ARBERRY, A. J. Le soufisme: La mystique de l’Islam. Jean Gouillard. Paris: Editions Le Mail, 1988
Veja: versão francesa, da tradução abaixo
Al-Junaid evitava assim uma deificação do homem que o teria exposto ao pior. Seu jovem contemporâneo al-Hallaj foi menos feliz: condenado por blasfêmia, foi crucificado em 309/922. Com al-Junaid, al-Hallaj vê na experiência mística uma União a Deus mas dá um passo a mais: ensina que, nesse estado, o místico pode bem ser considerado como Deus encarnado e toma como exemplo o caso, não de Maomé, como se esperaria, mas de Jesus. Al-Hallaj nunca reivindicou a divindade para si mesmo embora seus juízes tenham entendido assim a famosa exclamação que o perdeu: "Eu sou a Verdade" (ana 'l-haqq). Ei-la recolocada em seu contexto do Kitab al-Tawasin:
"Se não reconheceis Deus, reconhecei ao menos seu sinal. Eu sou esse sinal. Eu sou a Verdade criadora (ana 'l-haqq) porque, pela Verdade, sou uma verdade eternamente. Meus amigos e mestres são Iblis e Faraó. Iblis foi ameaçado do fogo do Inferno e todavia não se retratou. Faraó foi engolido no mar e todavia não se retratou, pois não quis reconhecer nada entre ele e Deus. E Eu, embora morto e crucificado, e embora me tenham cortado mãos e pés, não me retrato".

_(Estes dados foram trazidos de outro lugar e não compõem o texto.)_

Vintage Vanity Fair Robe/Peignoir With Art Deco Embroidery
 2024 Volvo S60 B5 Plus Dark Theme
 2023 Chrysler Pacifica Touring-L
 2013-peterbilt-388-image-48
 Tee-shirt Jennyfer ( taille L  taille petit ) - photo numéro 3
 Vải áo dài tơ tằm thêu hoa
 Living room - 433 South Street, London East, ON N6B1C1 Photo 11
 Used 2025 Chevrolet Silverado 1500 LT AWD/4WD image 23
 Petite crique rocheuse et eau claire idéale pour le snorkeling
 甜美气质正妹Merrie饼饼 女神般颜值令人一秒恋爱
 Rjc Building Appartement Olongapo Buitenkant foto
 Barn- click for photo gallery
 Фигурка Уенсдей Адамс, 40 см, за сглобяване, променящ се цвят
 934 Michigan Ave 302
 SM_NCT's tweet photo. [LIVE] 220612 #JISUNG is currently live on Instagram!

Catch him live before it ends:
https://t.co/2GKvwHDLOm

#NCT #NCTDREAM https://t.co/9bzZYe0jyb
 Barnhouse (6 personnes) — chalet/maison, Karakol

Al-Hallaj representa no supremo grau, antes mesmo de Abu Yazid, o tipo do sufi "ébrio". Está a tal ponto absorvido e confiscado pelo serviço da Vontade divina, tal como a concebe, que não terá a menor consideração pelas consequências que se sabem. A lenda de sua morte o aureola de uma extrema nobreza e suporta a comparação com o relato cristão da Crucifixão, que pode muito bem ter estado presente ao espírito de al-Hallaj no meio de seus tormentos:
Quando o levaram para ser crucificado, e viu a cruz e os pregos, voltou-se para o povo e recitou uma oração que terminava assim: "Teus servos que estão aí, que se reuniram para me matar, por zelo de tua religião, e por desejo de obter teu favor, perdoa-lhes, Senhor e tem piedade deles; pois, em verdade, se lhes tivesses revelado o que me revelaste a mim, não teriam feito o que fizeram; e se me tivesses escondido o que lhes escondeste, eu não teria sofrido essa tribulação. Glória a ti em tudo o que fazes e glória a ti em tudo o que queres!"